Postgresql Upgrades and Maintenance with CloudNativePG cluster#

Intended audience

sysadm staff members

Regarding postgresql, there are 2 kinds of upgrade, either the postgresql cluster database’s version used or the cloudnative-pg operator’s version.

Note that it’s always necessary to look at the changelog of the new release to ensure no footgun can occur during the upgrade process.

Upgrade#

Whatever the tool to upgrade, the behavior of the postgresql clusters will remain the same.

When high availability is configured, a rollout update of the postgresql clusters will occur. That means, upgrade is starting first with standby(s) then the primary (when everything went fine with standbys). This ensures no downtime occurs for the database clusters.

When no high availability is configured, as there is no standby to relay the primary, then downtime can occur. It’s ok for testing environment like the staging-next-version environment.

Postgresql upgrade#

For the postgresql version, we are using an ImageCatalog kind object. This is a dictionary which references the major version of the postgresql images to use. Currently, all databases are using the version 17.

Major or minor version, it’s up to the cloudnative-pg operator to manage the database upgrades properly.

minor version#

Minor upgrade can happen when we update the image catalog.

To upgrade such ImageCatalog, retrieve the latest version and merge it in swh-charts’s repository file. Commit and push the commit changes. At the next argocd sync, this will trigger a rollout update of the postgresql clusters.

See the official documentation on minor version upgrades for more information.

major version#

The major version is declared in swh-charts’ repository and can be managed per cluster declaration. It’s currently declared globally but can be overridden per instance. Commit and push the commit changes. At the next argocd sync, this will trigger a rollout update of the postgresql clusters.

See the official documentation on major version upgrades for more information.

Postgresql Operator upgrade#

The cloudnative-pg operator is managed through the swh-charts repository, with the cluster-configuration chart. Update the version key entry either globally or in the specific cluster version first (to restrict changes).

In the same way described previously, there will be an update of the cloudnative-pg operator then a rollout update of the postgresql clusters.

Kubernetes Upgrade#

Usual kubernetes upgrade happens automatically when nodes are drained. The behavior will depend on how the postgresql cluster is configured. Overall, it’s the cloudnative-pg operator which drives the behavior of the clusters when this occurs.
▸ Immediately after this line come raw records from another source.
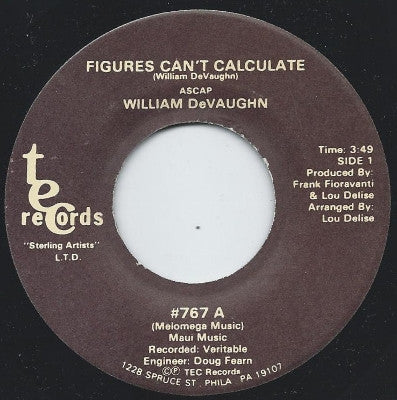 William DeVaughn : Figures Can't Calculate (7")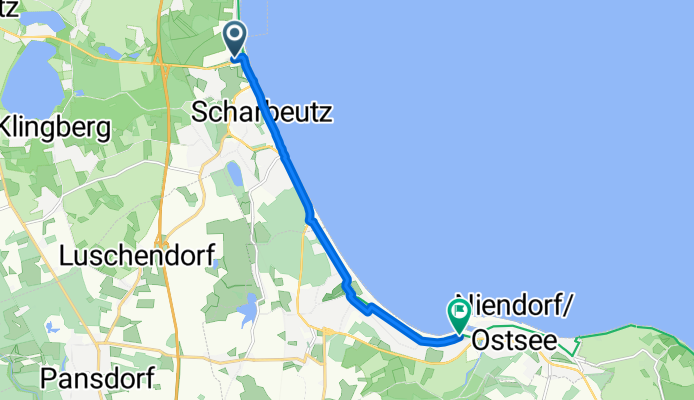 Pönitzer Chaussee, Scharbeutz nach An der Acht, Timmendorfer Strand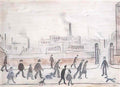 L S Lowry figure ii man with pipe study Art A4 Photo Print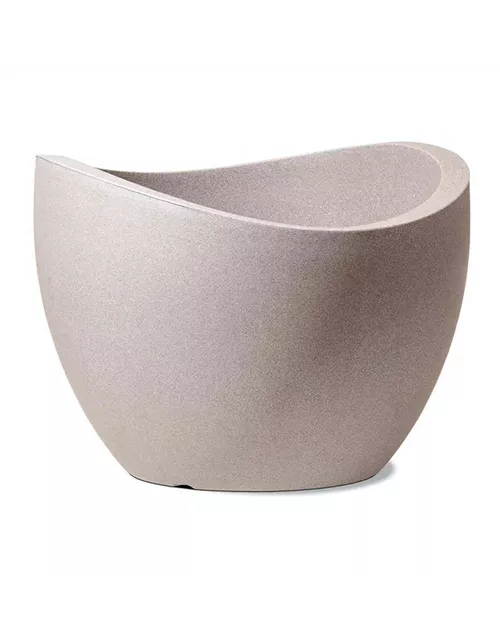 Scheurich Pflanzgefäß Wave Globe Ø 40 cm Taupe-Granit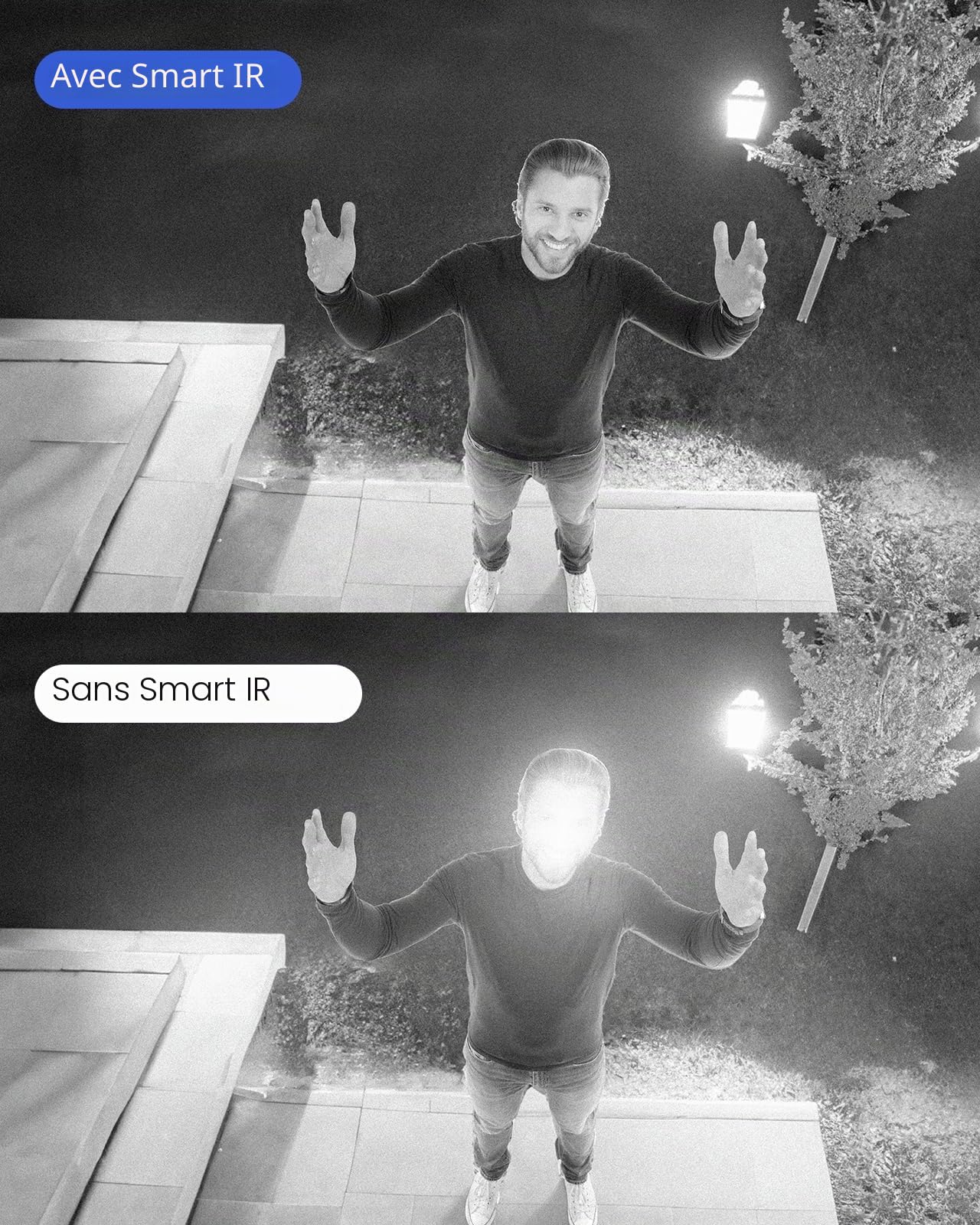 ANNKE Lot de 4 caméras de surveillance HD-TVI 1080p pour la maison, vision nocturne 2 MP, vision nocturne couleur intelligente, boîtier étanche IP67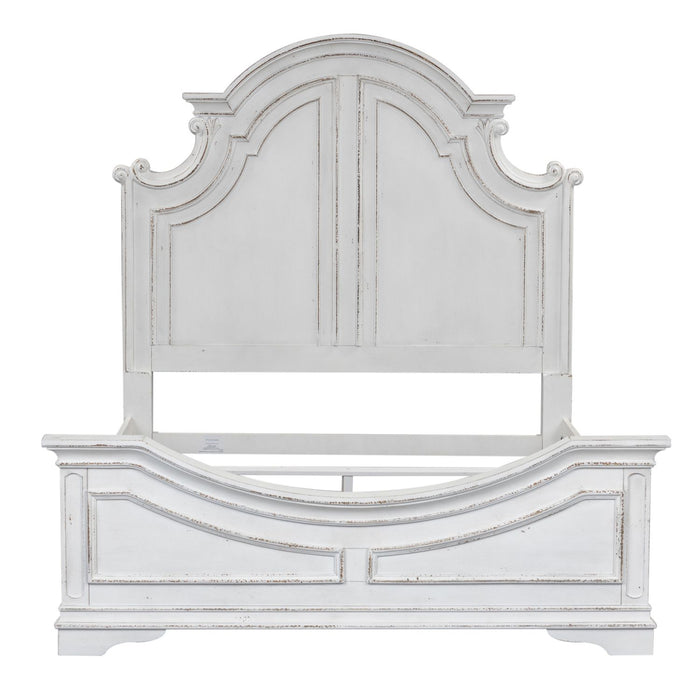 Magnolia Manor King Panel Bed, Dresser & Mirror, Chest, Night Stand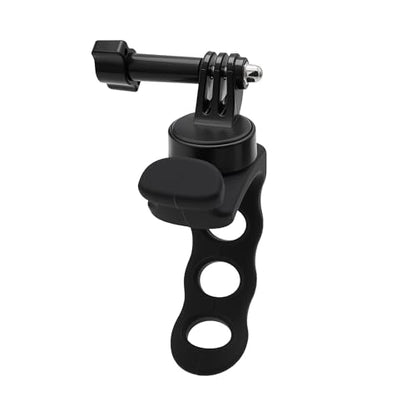 Quick Release 360° Camera Mount Wrap Band, 3‑Hole Adjustable Strap for Bike, Motorcycle Handlebar, Roll Bar, Tube, Pole, Fishing Rod, Ski,Compatible with GoPro, Insta360, DJI Osmo, AKASO, Xtra Muse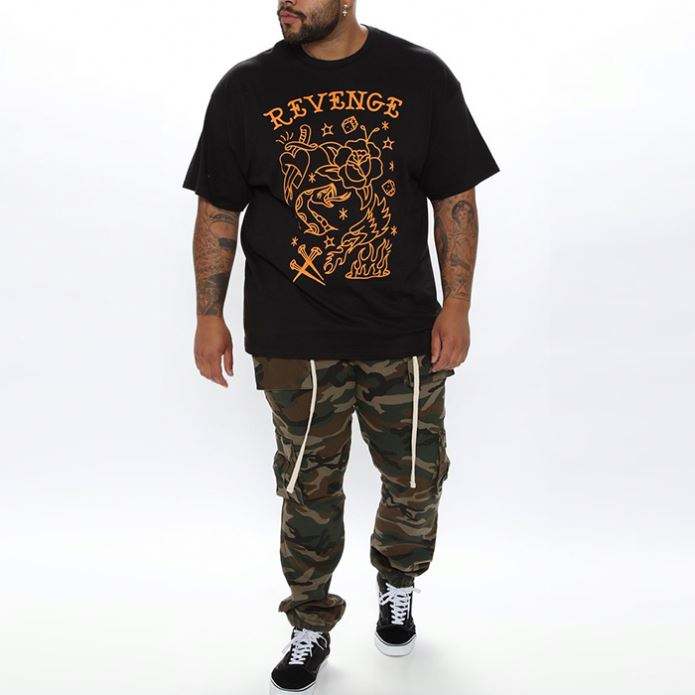 ຜູ້ຊາຍ Joggers Sweatpants Camo ພິມ Cargo ໂສ້ງ Jogger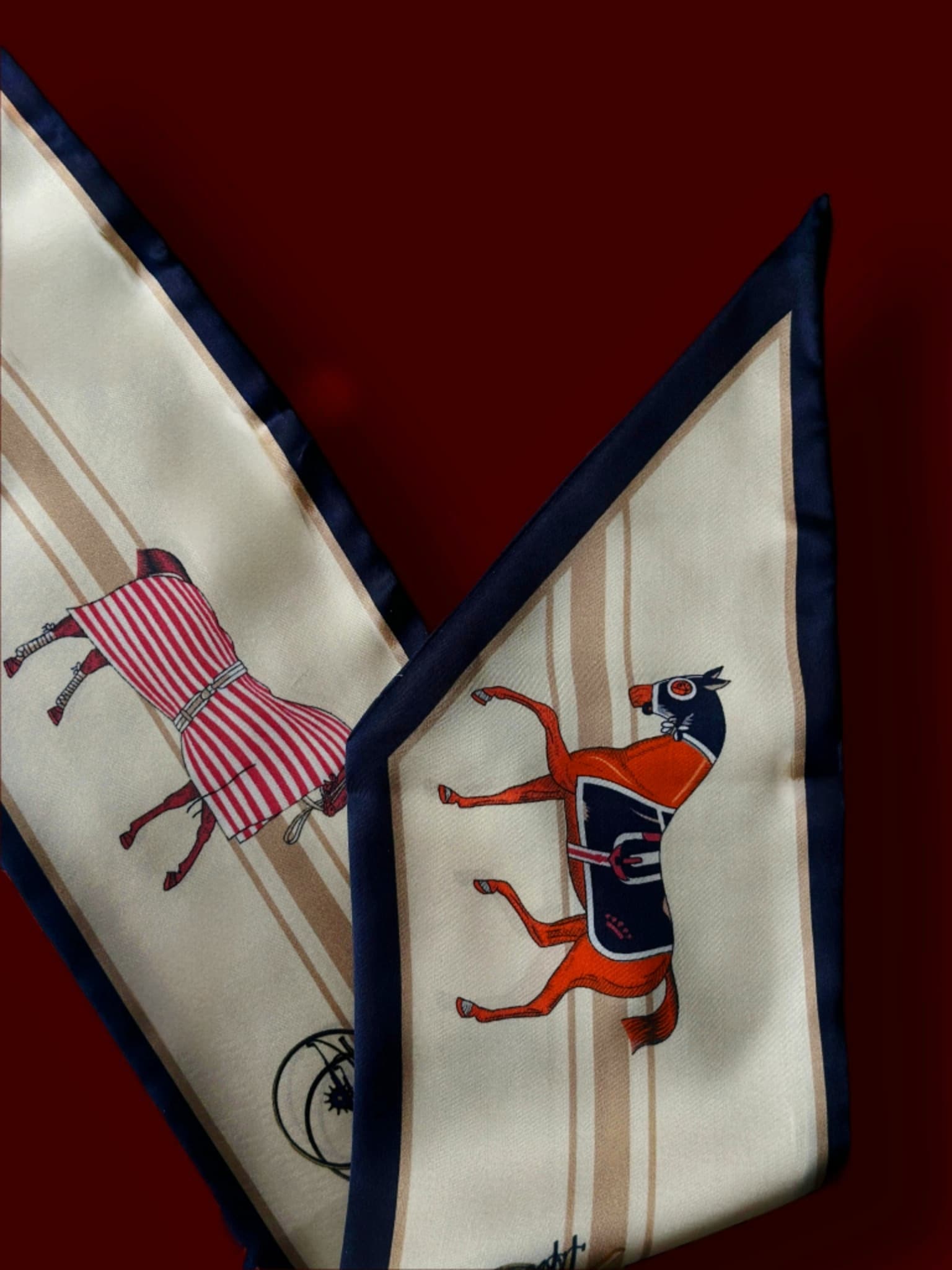 Stagecoach Silk Scarf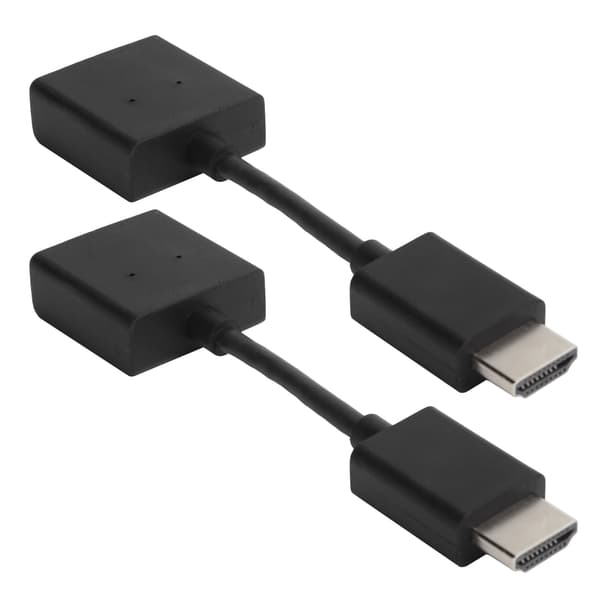 2 stk. han til hun forlængerkabel HD Multimedia Interface Understøtter 4K høj opløsning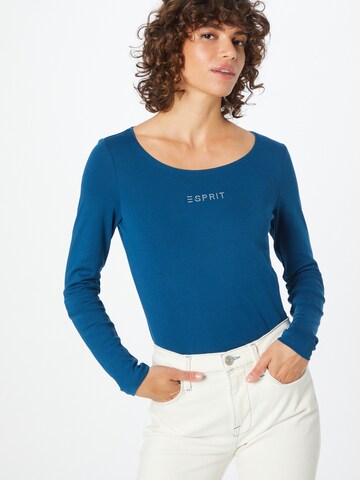 ESPRIT Shirt in Blauw: voorkant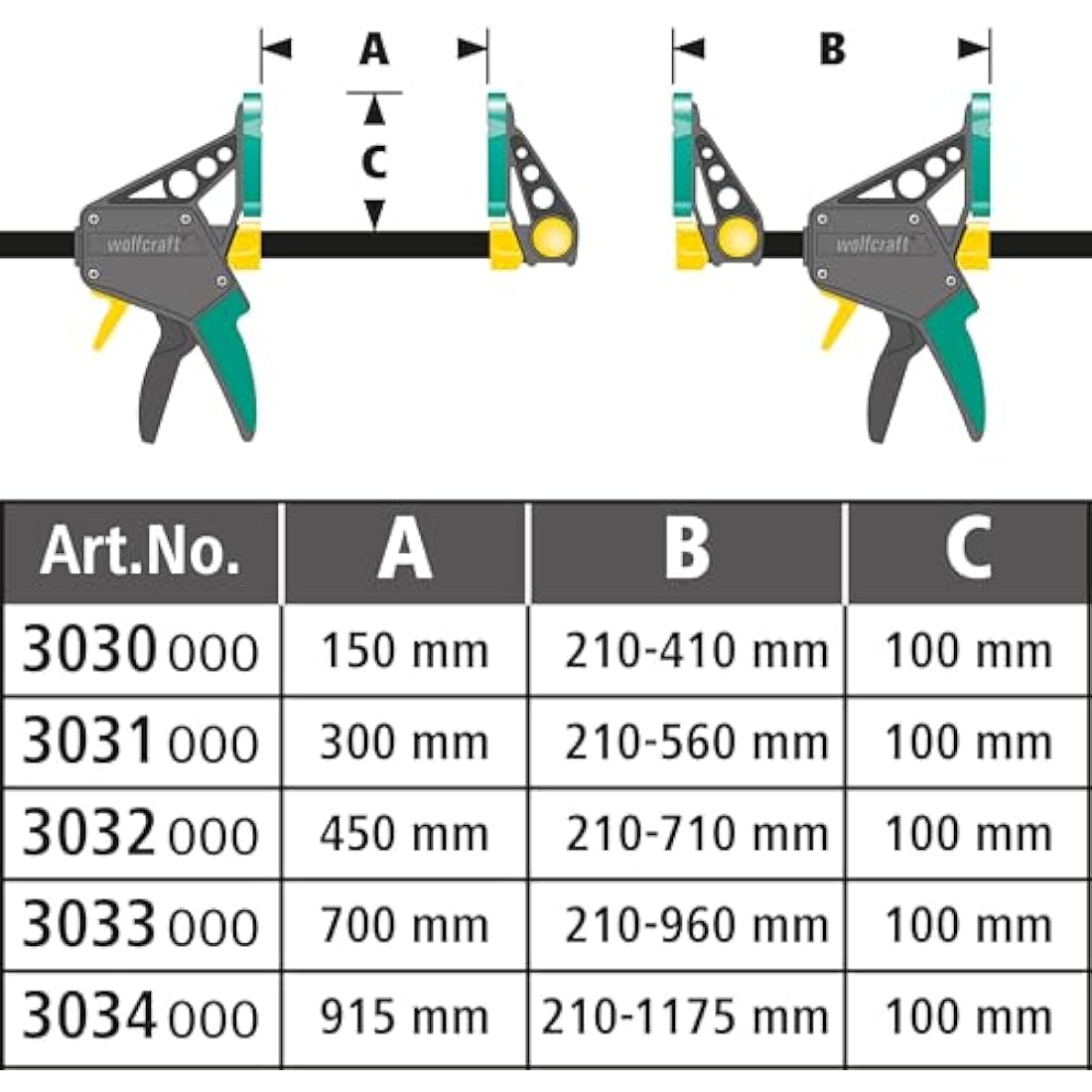 1 EHZ PRO 100-915 One Hand Clamp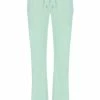 JUICY COUTURE MINT GREEN LUXE VELOUR DEL RAY POCKETED BOTTOMS TRACKSUITS
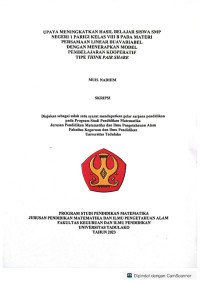 EFFORTS TO IMPROVE LEARNING OUTCOMES OF STUDENTS OF 
SMP NEGERI 1 PARIGI CLASS VIII B ON LINEAR EQUATIONS 
MATERIAL TWO VARIABLES BY APPLYING THE COOPERATIVE 
LEARNING MODEL TYPE THINK PAIR SHARE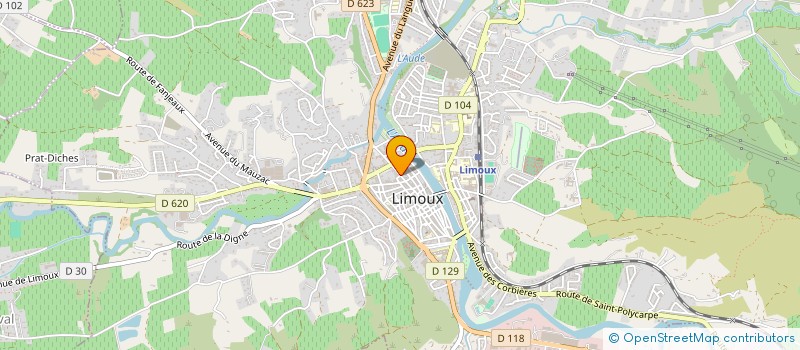localisation de l'entreprise SOC NOUVELLE CLINIQUE SAINT MARTIN à LIMOUX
The following chapters will described what’s expected per environment.

staging#

As mentioned in the document about postgresql instance, the staging kubernetes cluster has postgresql clusters configured with one primary and one standby.

When a node is drained, any primary from a database cluster, when present on that node, will be evicted. Ahead of this drain, the postgresql operator will switchover the standby(s) (present in another kubernetes cluster node) as primary [1]. This ensures no downtime as the database remains available. Any standby(s) are also evicted from the node. This will not create any downtime either since the primary will remain untouched (in that case, the primary runs elsewhere).

[1] Providing there is no issue in that cluster (inconsistent replication, …)

staging-next-version#

As there is no high availability in this kubernetes environment, there will be downtime when upgrading to a new version. The pod with the only database instance will be stopped for the upgrade part.

If we want to absolutely avoid the downtime, the simpler way is to first stop the next-version environment. And then proceed with the usual upgrade. That way, no services will be using the impacted databases during the upgrade.

production#

Nothing yet.